● Exercise:
The answer must consist only of the lines in the records below from the line with "Aps o primeiro" to the line with "Locuinta complet utilata", both included, copied word for word with every picture left out.

● Given information:
------------------------------------------------------------

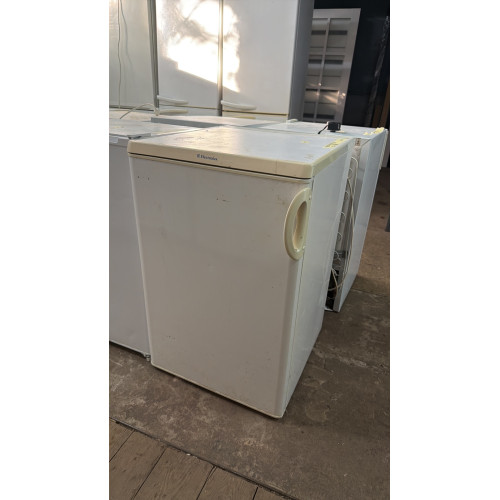 ХОЛОДИЛЬНИК Б/У ELECTROLUX ER6625T 850мм ХОЛОДИЛЬНИК Б/У ELECTROLUX ER6625T 850мм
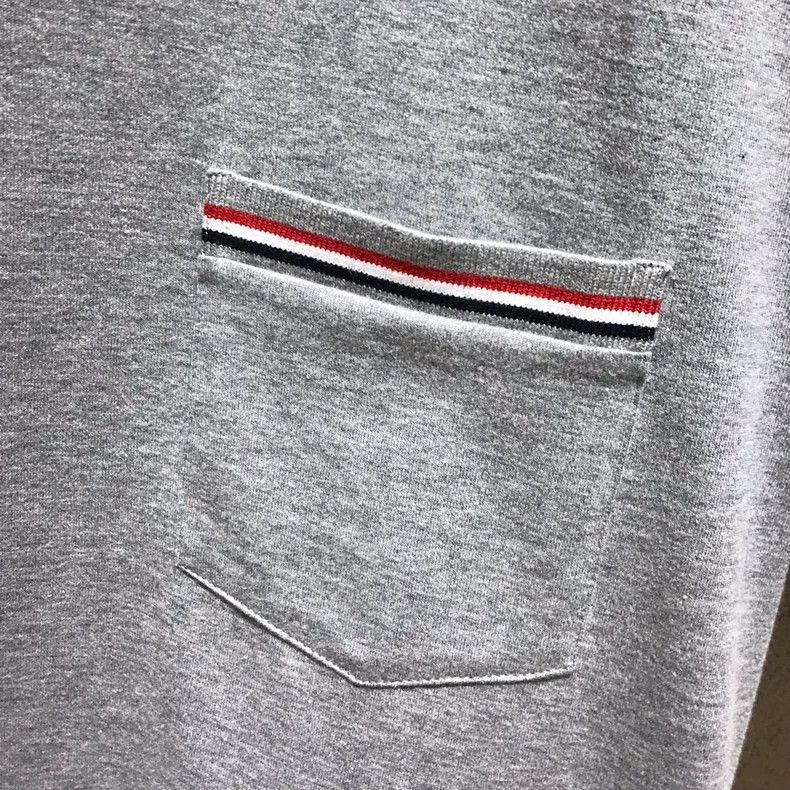 Thom Browne Thom Browne Round neck short sleeve T-shirt Size US L / EU 52-54 / 3 - 3 Thumbnail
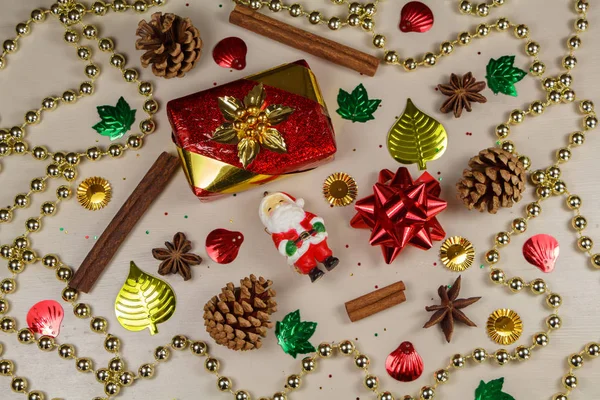 Figura Santa Claus, regalo, canela, anís estrellado, conos de pino y — Foto de Stock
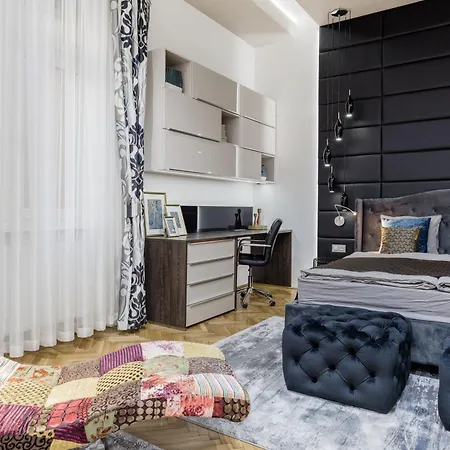 Spacious Designer With Premium Touches 公寓
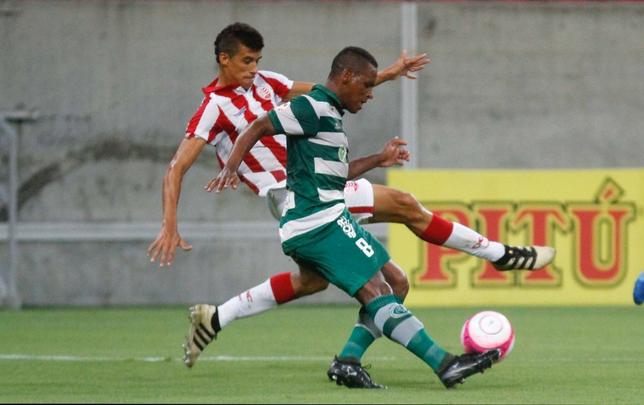 Aps o primeiro gol, o Timbu diminuiu o ritmo ofensivo e deu espao para o Amrica crescer no jogo, ao ponto de Caxito empatar a partida aos 32 minutos, de cabea. A reao na etapa inicial acabou cinco minutos depois, com um gol marcado por Willian Gacho para o Nutico, de fora da rea. Alvirrubro foi para o intervalo vencendo por 2 a 1.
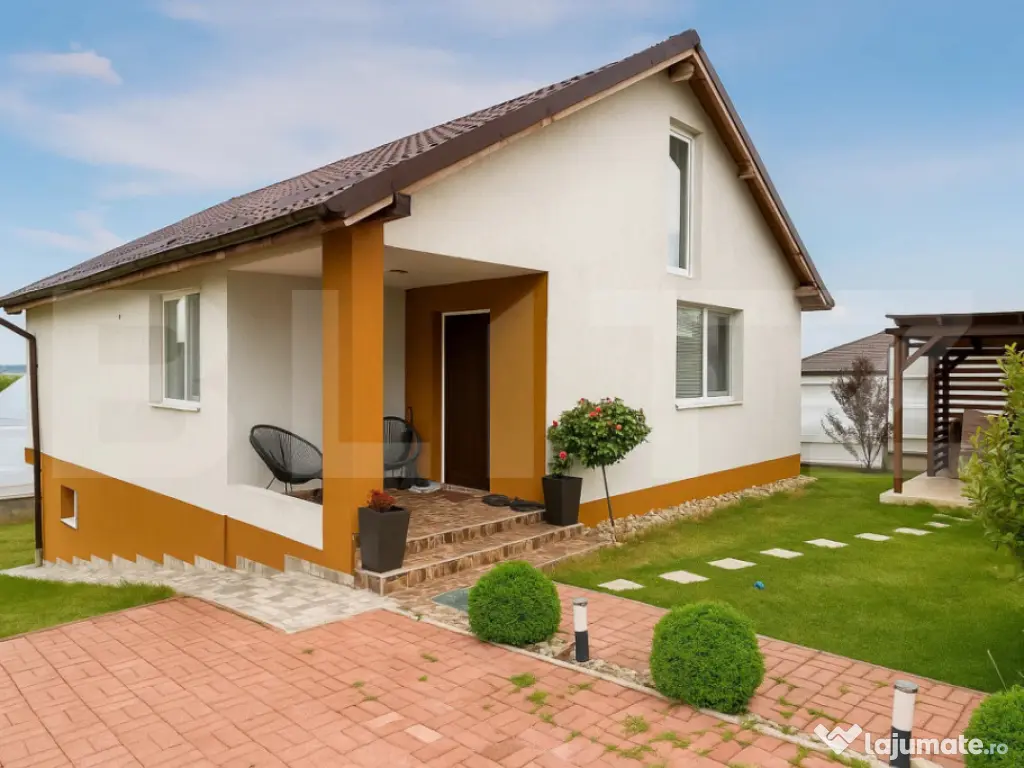 Locuinta complet utilata si mobilata, cu curte si foisor, ap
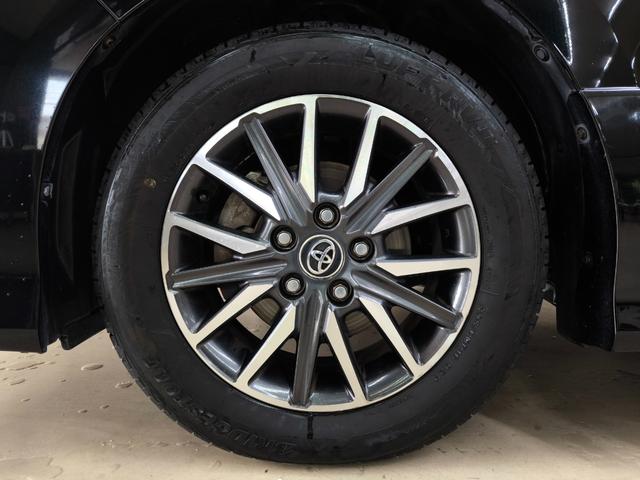 ヴォクシー ＺＳ　煌ＩＩ　ワンオーナー　禁煙車　走行４万Ｋ台　純正１０．５インチナビ　フルセグＴＶ　バックカメラ　フリップダウンモニター　両側電動スライドドア　衝突軽減ブレーキ　取説整備手帳　スペアキー　純正１６ＡＷ　ＥＴＣ（17枚目）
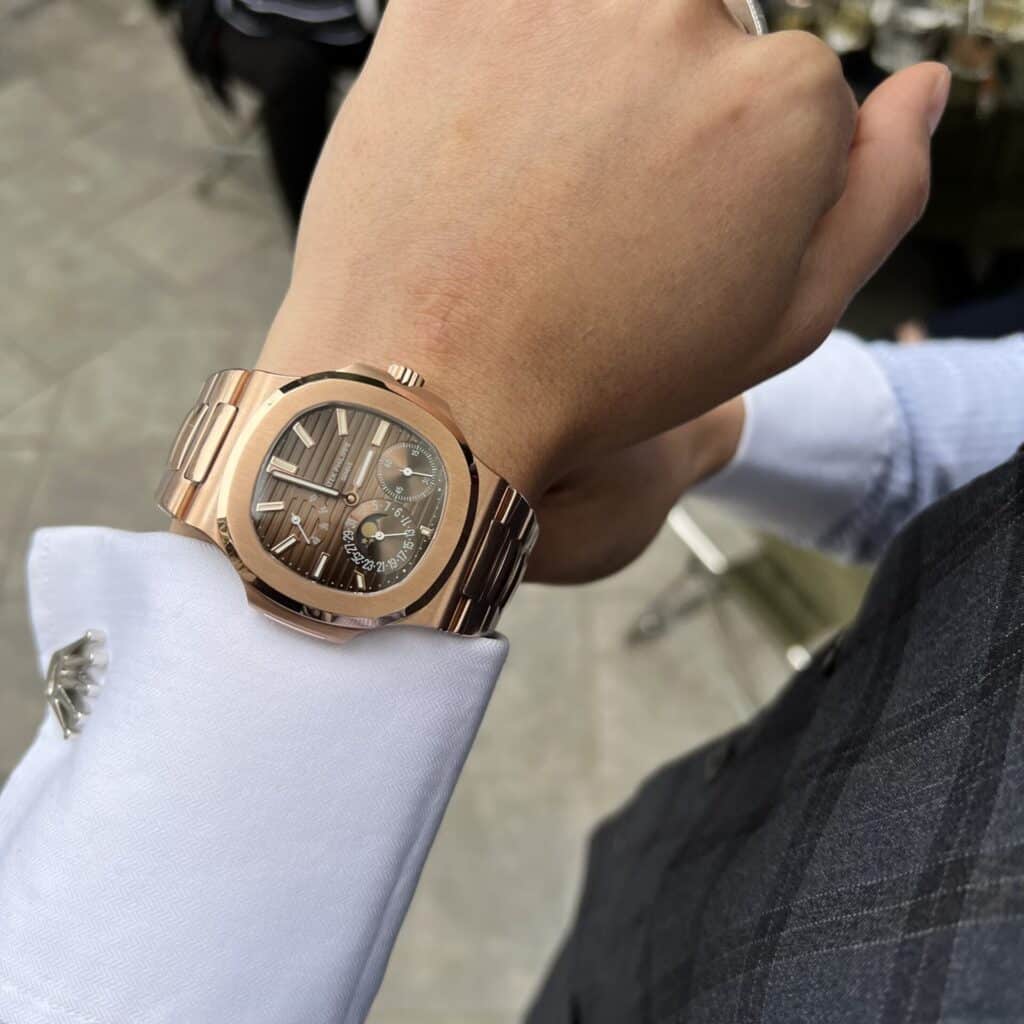 ĐỒNG HỒ PATEK PHILIPPE NAUTILUS 5712 MẶT NÂU VỎ VÀNG HỒNG REP 1:1 3K FACTORY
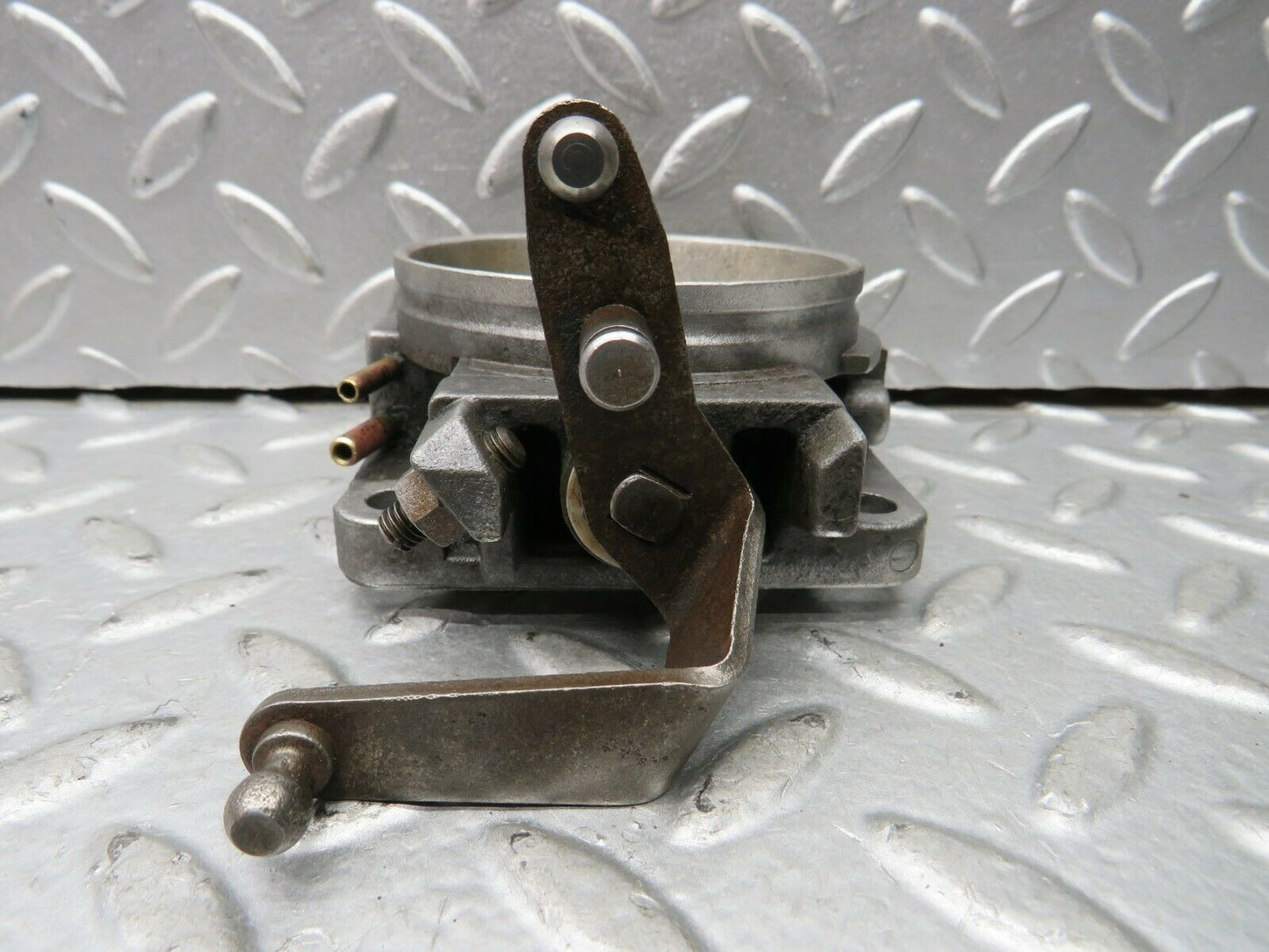 22175 Mercedes-Benz S123 280TE Wagon Throttle Body Valve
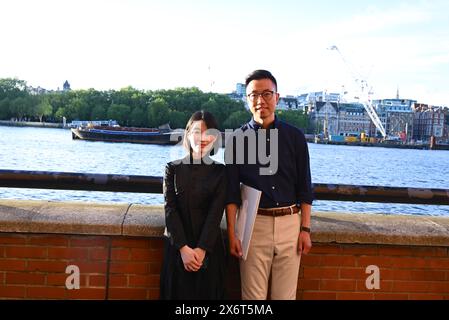 L'HISTOIRE DE LA PIERRE MARITINE ÉCHOS ORGANISÉ PAR SECTION CULTURELLE , AMBASSADE DE CHINE AU ROYAUME-UNI OUVRE SES PORTES AU PUBLIC MAI 16-19 DANS LE CADRE DE LA SEMAINE ARTISANALE DE LONDRES ENTRÉE GRATUITE 11H - 18H ... Banque D'Images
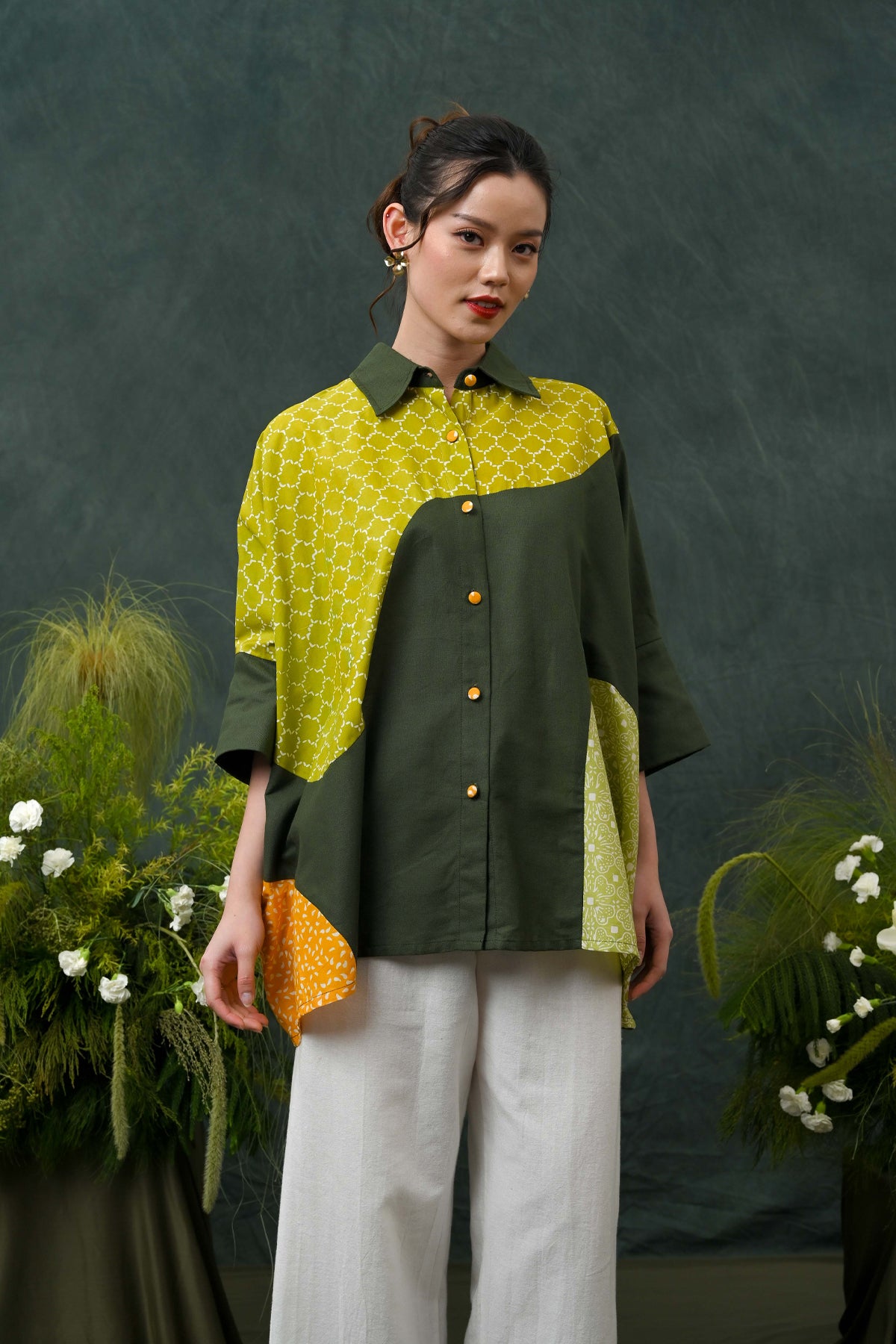 Rosamund Garut T5312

------------------------------------------------------------

● Your solution:
 Aps o primeiro gol, o Timbu diminuiu o ritmo ofensivo e deu espao para o Amrica crescer no jogo, ao ponto de Caxito empatar a partida aos 32 minutos, de cabea. A reao na etapa inicial acabou cinco minutos depois, com um gol marcado por Willian Gacho para o Nutico, de fora da rea. Alvirrubro foi para o intervalo vencendo por 2 a 1.
 Locuinta complet utilata si mobilata, cu curte si foisor, ap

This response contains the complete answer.